## [ASSIGNMENT]
The data below should be copied out exactly, with its pictures omitted.

--- RECORDS PROVIDED ---

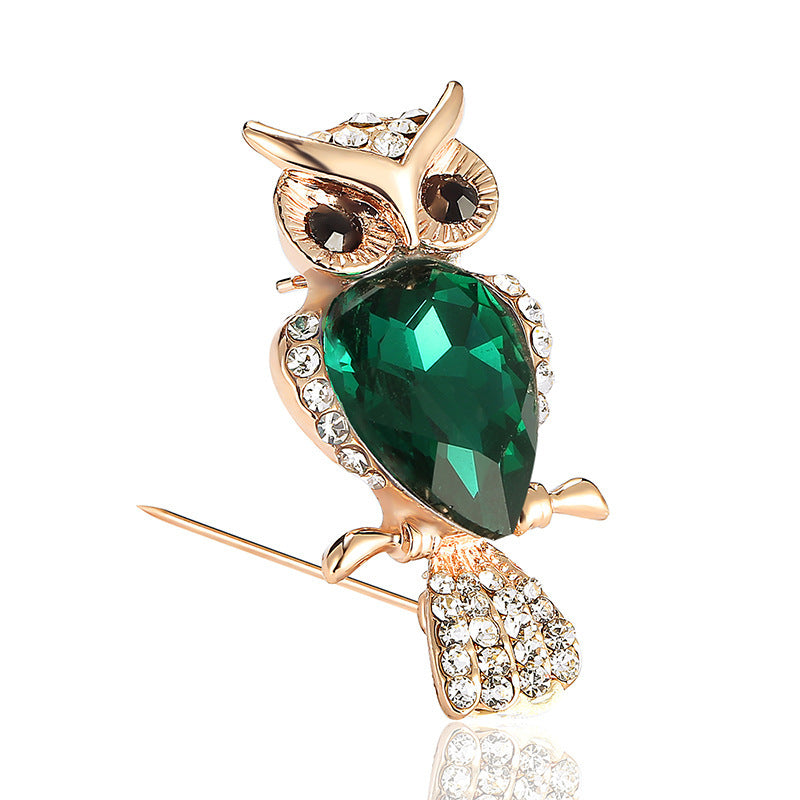 Broche de aleación con diamantes de imitación de animal búho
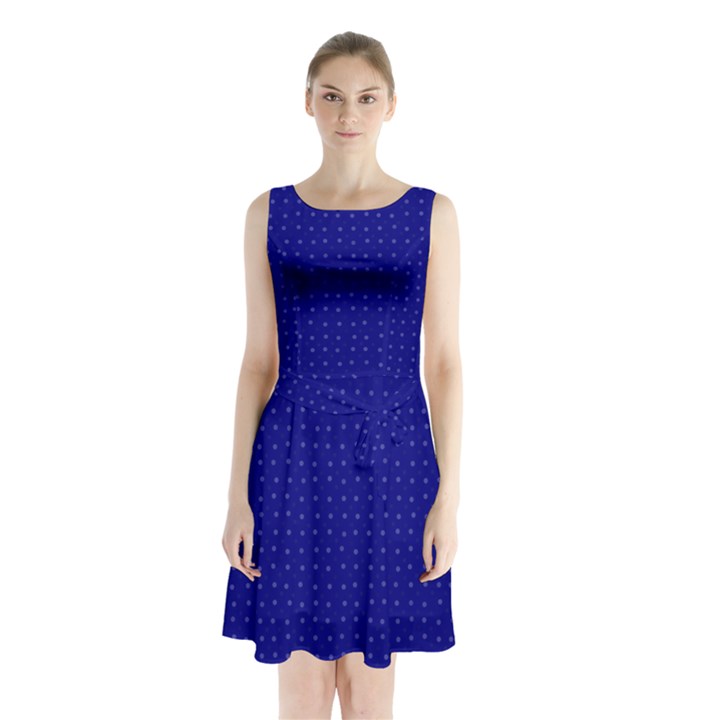 Navy Blue Color Polka Dots Sleeveless Waist Tie Chiffon Dress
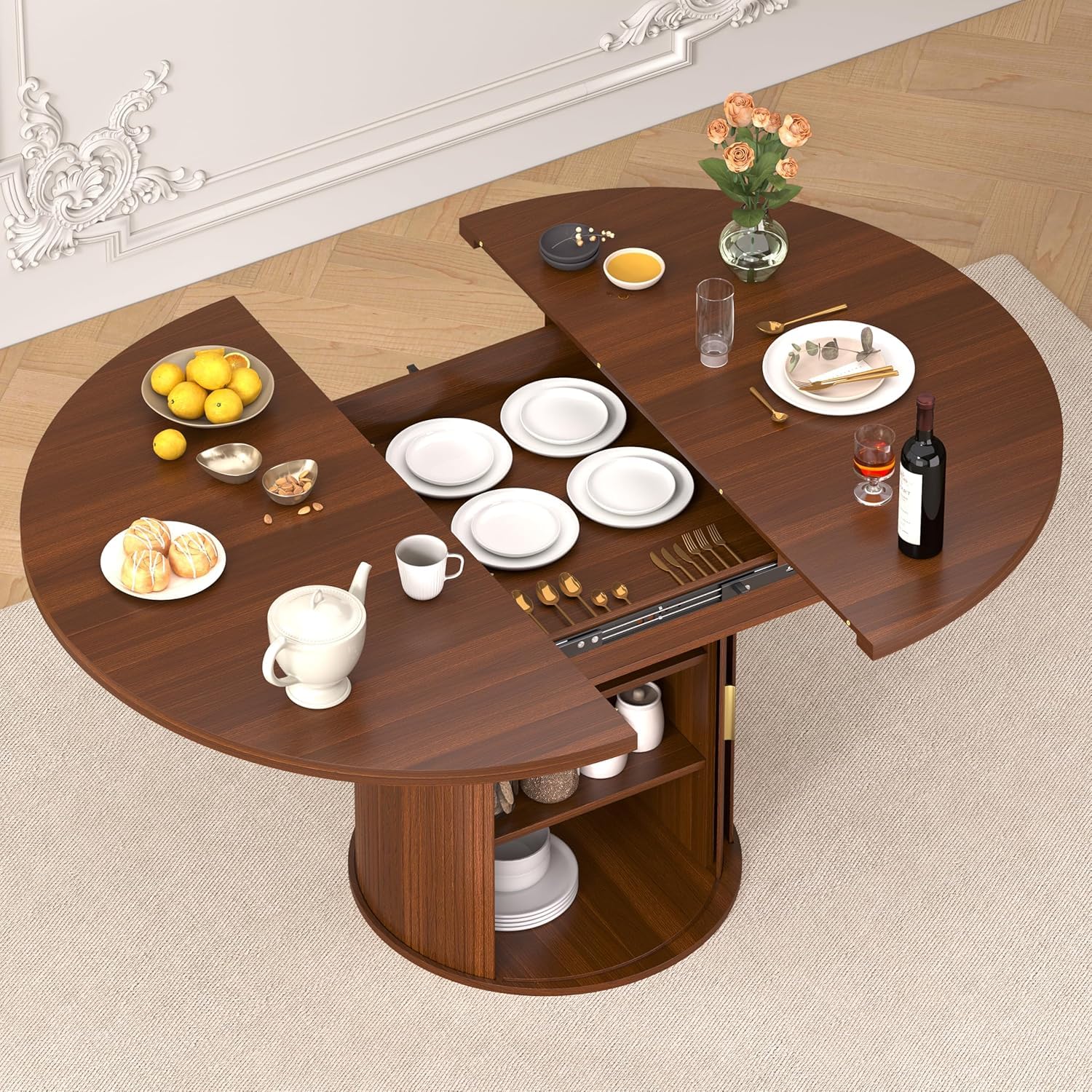 Kitchen Appliances Table - Ausziehbarer runder Esstisch: 47″–63″ Küchentisch für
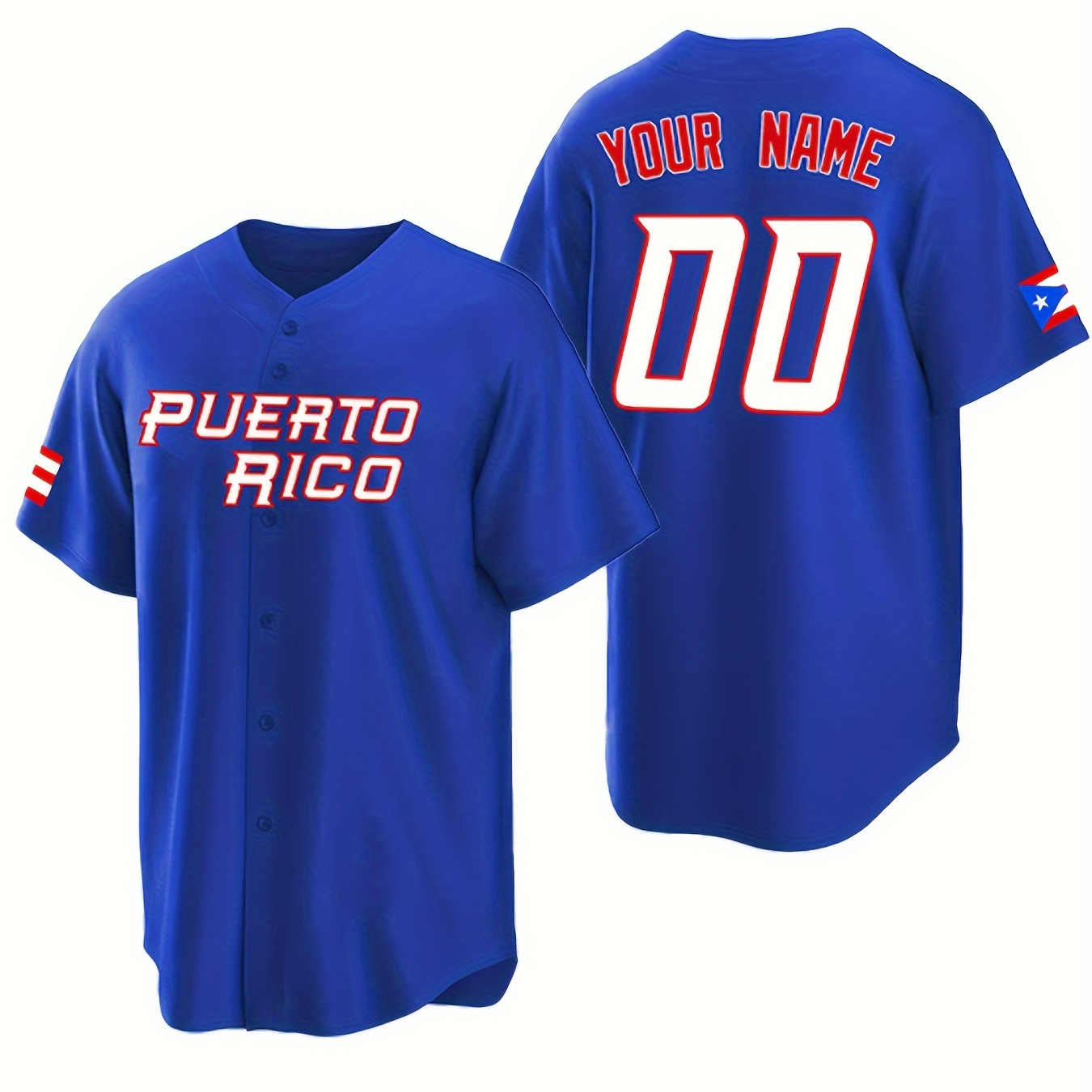 

Men's Personalized Custom Name & Numbers Baseball Jersey, Puerto Rico Graphic Print Baseball Jersey Shirt, Competition Party Training Button Up Shirt, Leisure Sports Personalized Clothing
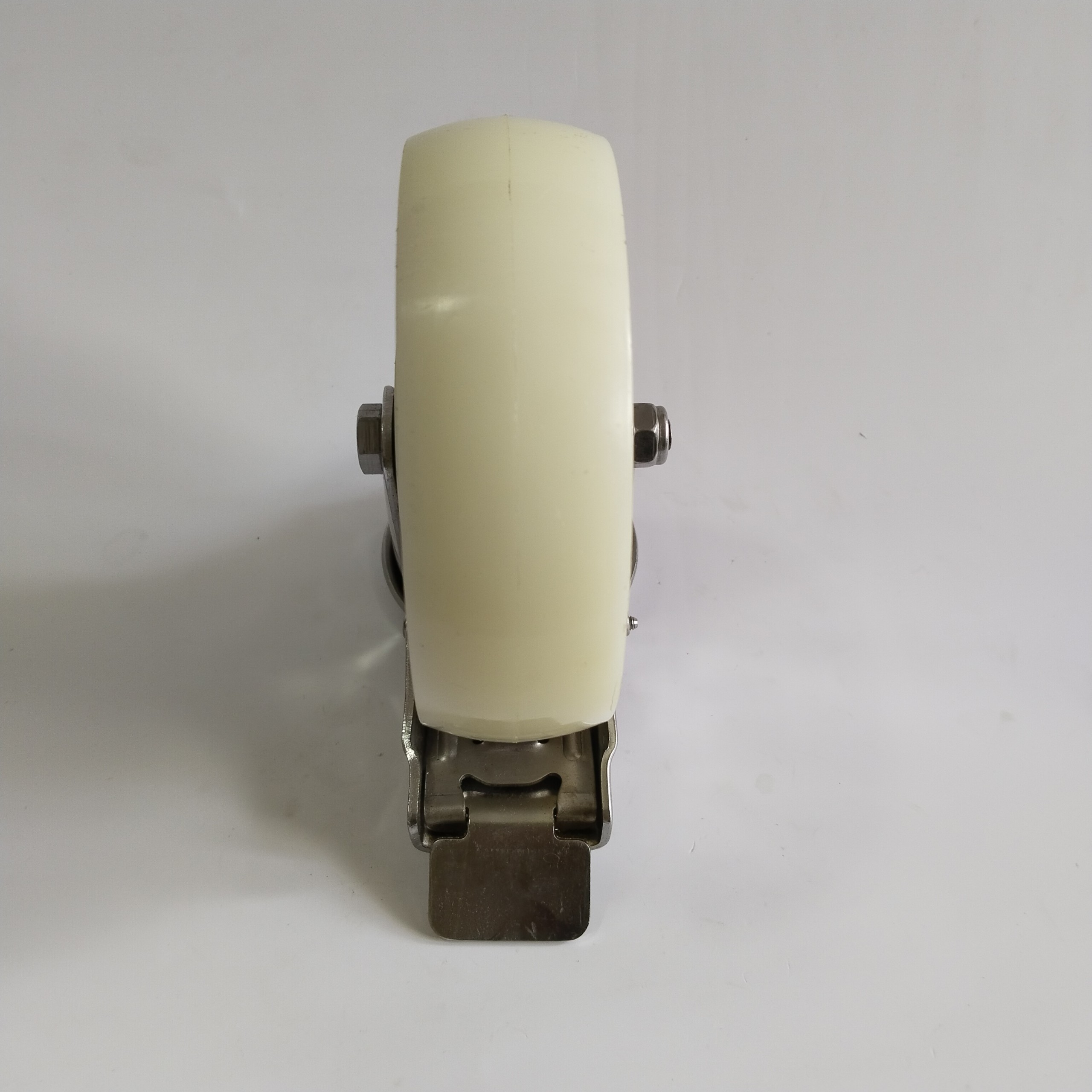 Bánh xe đẩy nylon trắng nanotech càng lỗ xoay có khóa Inox 304 - 80-100-125mm - Happy Move Thái Lan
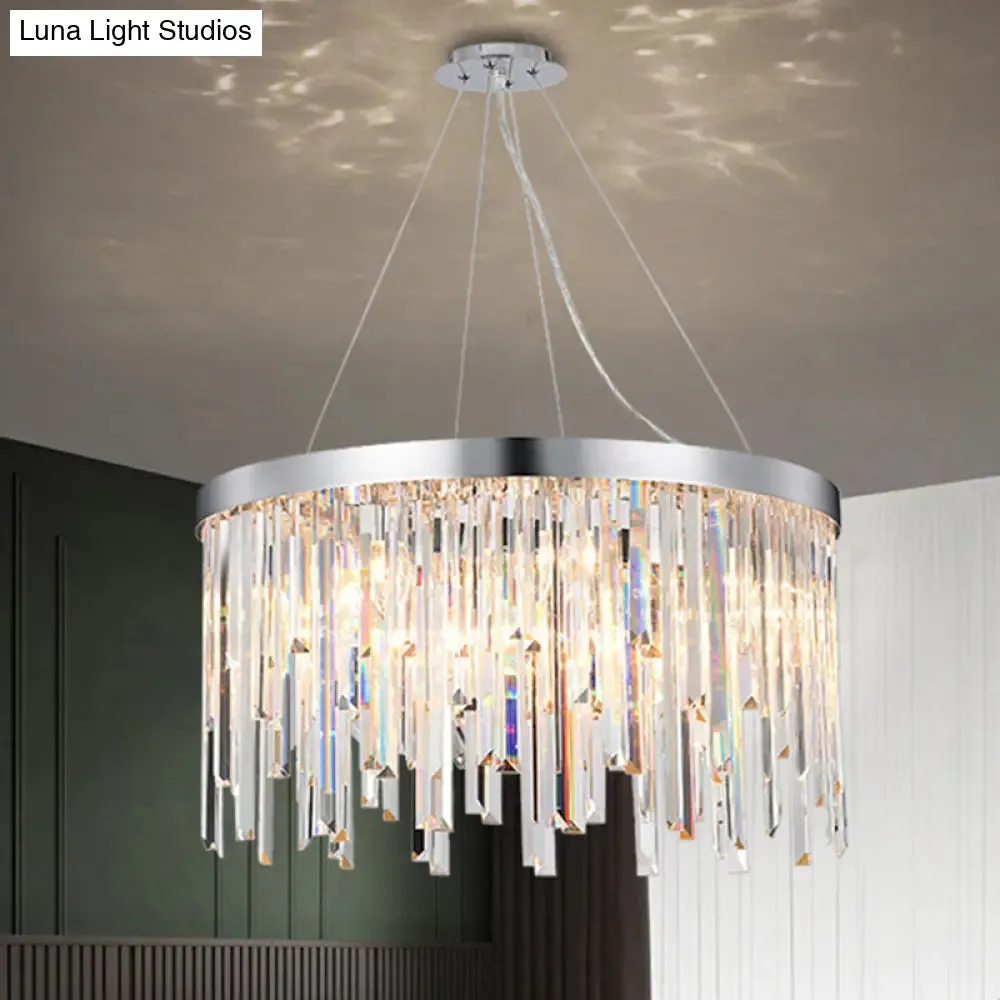 Contemporary Hanging Lamp Kit with Crystal Prisms, 2/6 Bulbs, 8"/16" Wide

---

## [RESULT OF THE TASK]
 Broche de aleación con diamantes de imitación de animal búho
 Navy Blue Color Polka Dots Sleeveless Waist Tie Chiffon Dress
 Kitchen Appliances Table - Ausziehbarer runder Esstisch: 47″–63″ Küchentisch für

Men's Personalized Custom Name & Numbers Baseball Jersey, Puerto Rico Graphic Print Baseball Jersey Shirt, Competition Party Training Button Up Shirt, Leisure Sports Personalized Clothing
 Bánh xe đẩy nylon trắng nanotech càng lỗ xoay có khóa Inox 304 - 80-100-125mm - Happy Move Thái Lan
 Contemporary Hanging Lamp Kit with Crystal Prisms, 2/6 Bulbs, 8"/16" Wide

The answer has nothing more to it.